**DATA SHOWN:**
════════

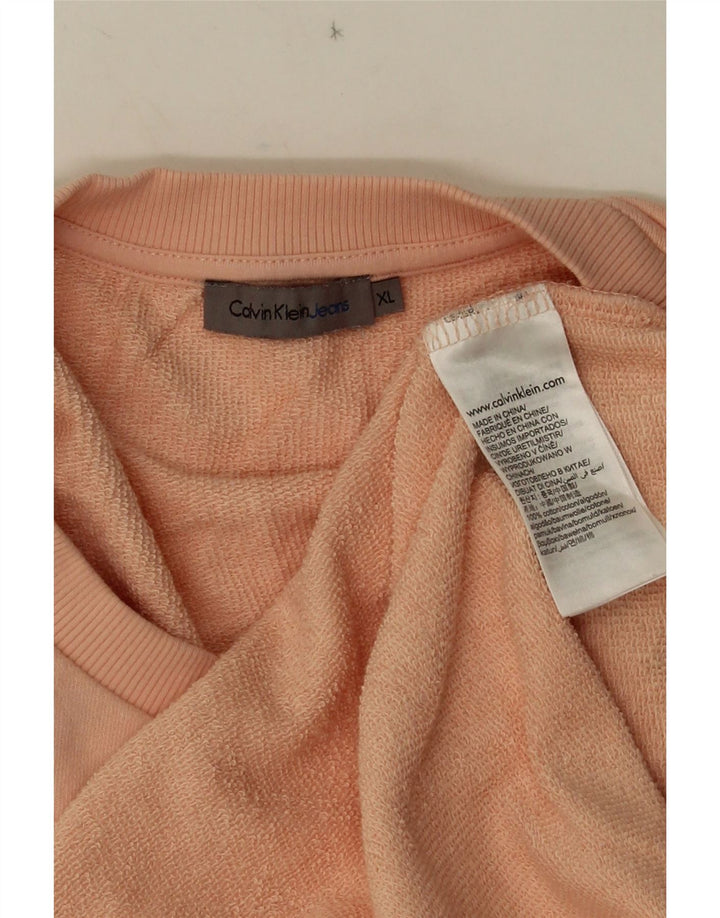 Męska bluza z grafiką CALVIN KLEIN XL, różowa, bawełniana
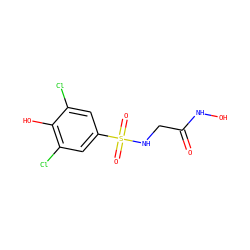 O=C(CNS(=O)(=O)c1cc(Cl)c(O)c(Cl)c1)NO ZINC001772575320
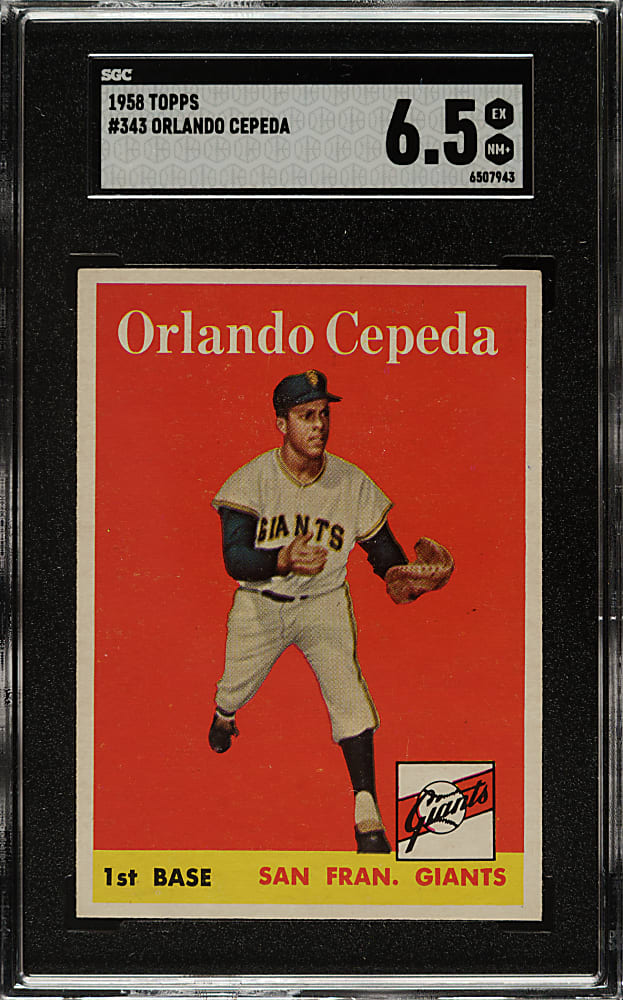 1958 Topps #343 Orlando Cepeda Rookie SGC EX/NM+ 6.5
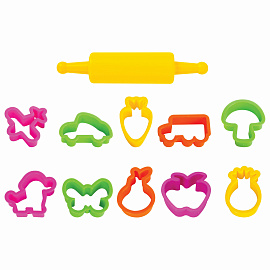 Формочки для лепки 10 штук и скалка ЮНЛАНДИЯ, европодвес, 229621 фото Формочки для лепки 10 штук и скалка ЮНЛАНДИЯ, европодвес, 229621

════════

**YOUR INSTRUCTIONS:**
Once the pictures are removed, copy the material above exactly.

**TASK ANSWER:**
 Męska bluza z grafiką CALVIN KLEIN XL, różowa, bawełniana
 O=C(CNS(=O)(=O)c1cc(Cl)c(O)c(Cl)c1)NO ZINC001772575320
 1958 Topps #343 Orlando Cepeda Rookie SGC EX/NM+ 6.5
 Формочки для лепки 10 штук и скалка ЮНЛАНДИЯ, европодвес, 229621 фото Формочки для лепки 10 штук и скалка ЮНЛАНДИЯ, европодвес, 229621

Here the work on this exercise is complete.